Supplied data
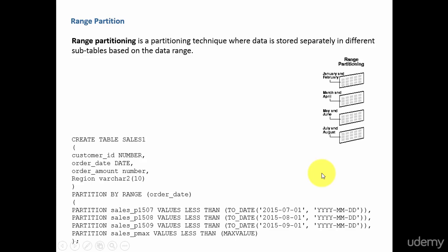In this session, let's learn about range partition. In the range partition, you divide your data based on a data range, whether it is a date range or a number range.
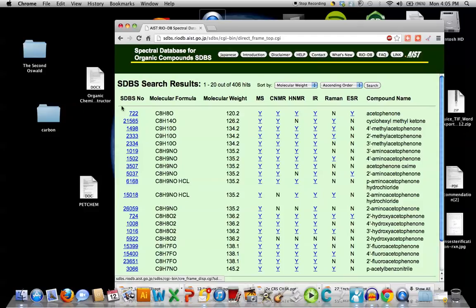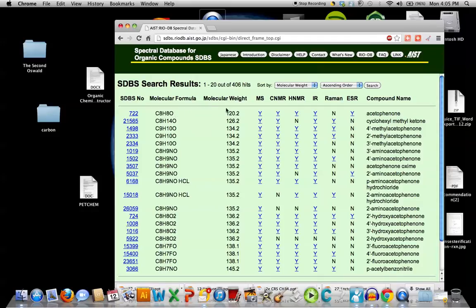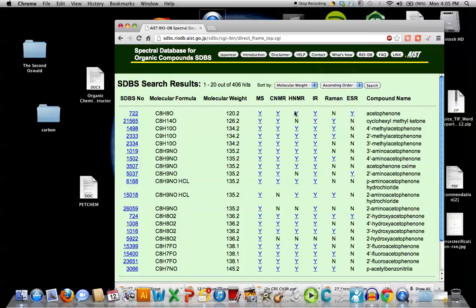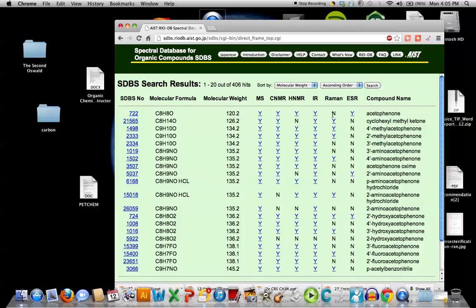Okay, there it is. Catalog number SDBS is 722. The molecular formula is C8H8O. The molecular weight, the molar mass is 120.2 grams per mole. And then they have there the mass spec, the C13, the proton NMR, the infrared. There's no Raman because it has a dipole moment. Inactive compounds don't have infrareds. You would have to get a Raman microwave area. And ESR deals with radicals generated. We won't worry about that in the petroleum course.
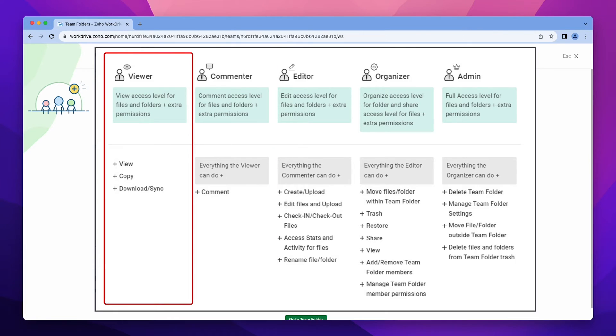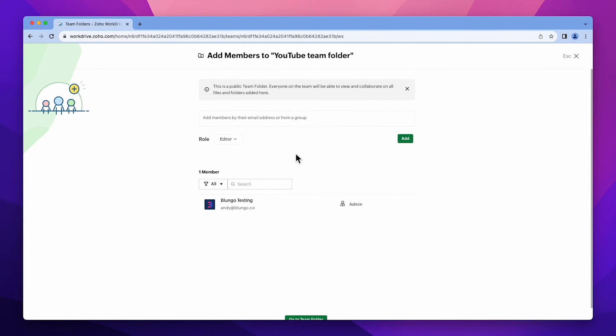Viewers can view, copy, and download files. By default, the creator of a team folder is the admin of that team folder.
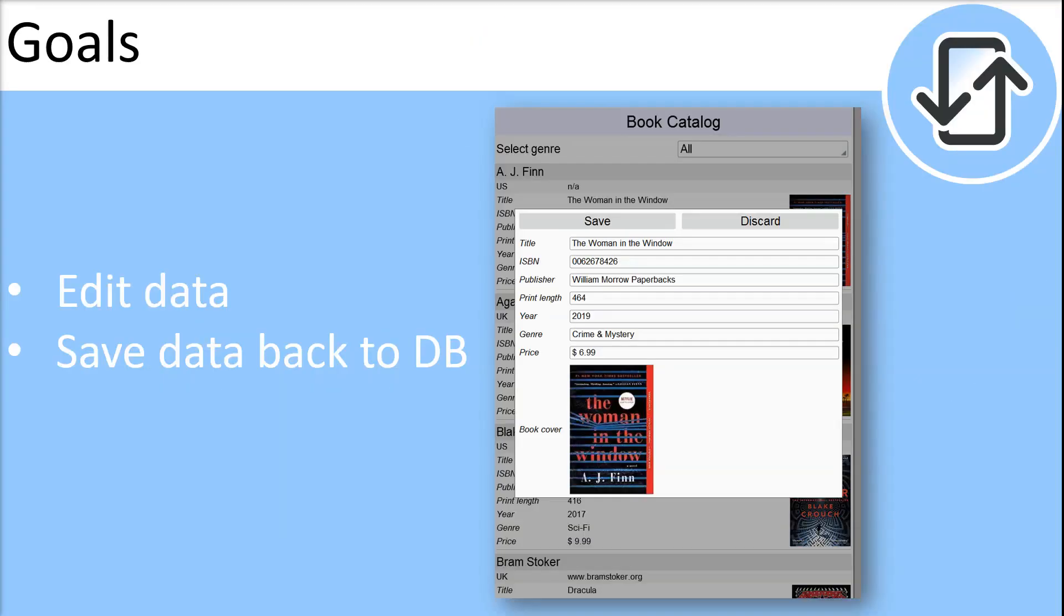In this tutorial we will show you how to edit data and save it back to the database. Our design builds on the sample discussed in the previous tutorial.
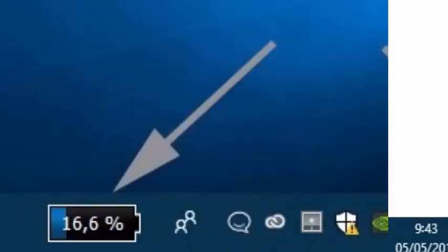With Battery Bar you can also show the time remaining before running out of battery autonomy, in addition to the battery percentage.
...
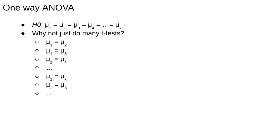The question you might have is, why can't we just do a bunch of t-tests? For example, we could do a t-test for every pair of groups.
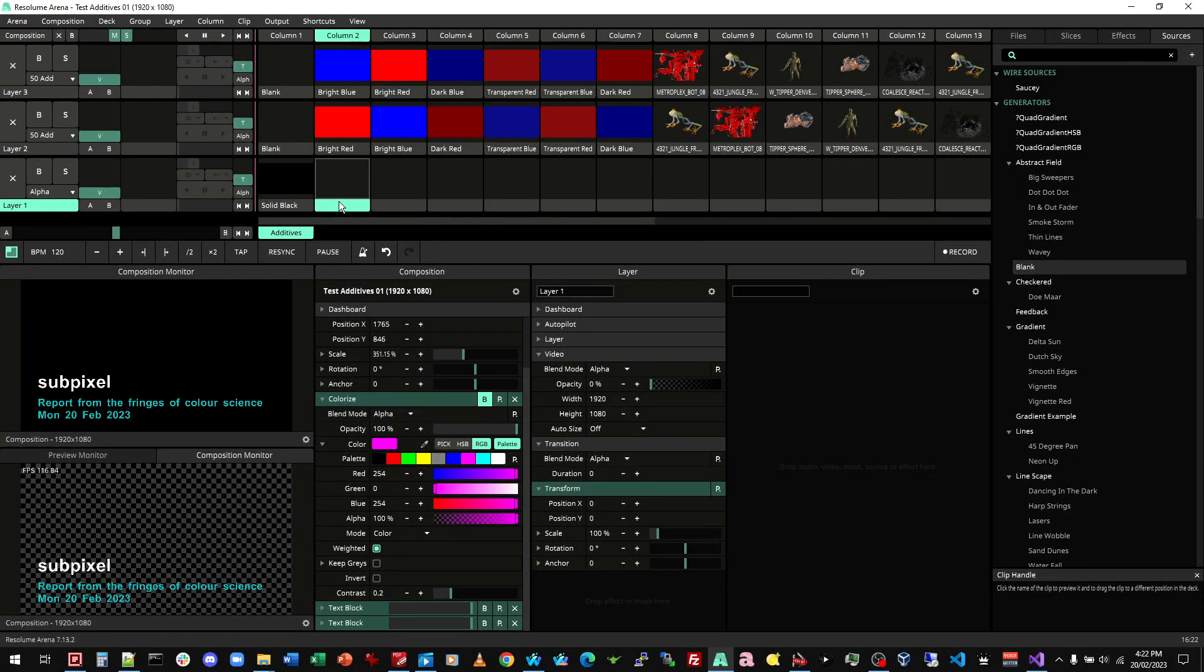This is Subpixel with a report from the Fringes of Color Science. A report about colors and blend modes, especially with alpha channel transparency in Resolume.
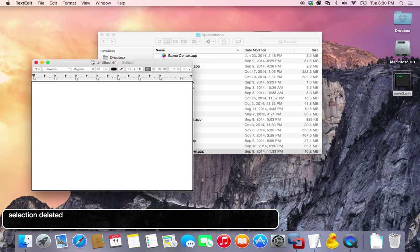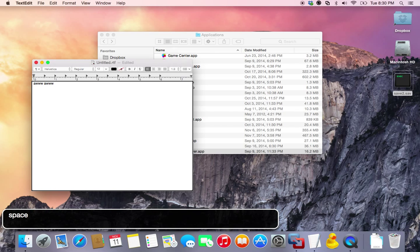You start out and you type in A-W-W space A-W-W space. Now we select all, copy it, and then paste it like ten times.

Assigned task
The material above holds pictures; leave them out. Repeat exactly the lines from the one containing "In this session, let's" through the one containing "With Battery Bar", and nothing else.

Task answer
In this session, let's learn about range partition. In the range partition, you divide your data based on a data range, whether it is a date range or a number range.
Okay, there it is. Catalog number SDBS is 722. The molecular formula is C8H8O. The molecular weight, the molar mass is 120.2 grams per mole. And then they have there the mass spec, the C13, the proton NMR, the infrared. There's no Raman because it has a dipole moment. Inactive compounds don't have infrareds. You would have to get a Raman microwave area. And ESR deals with radicals generated. We won't worry about that in the petroleum course.
Viewers can view, copy, and download files. By default, the creator of a team folder is the admin of that team folder.
In this tutorial we will show you how to edit data and save it back to the database. Our design builds on the sample discussed in the previous tutorial.
With Battery Bar you can also show the time remaining before running out of battery autonomy, in addition to the battery percentage.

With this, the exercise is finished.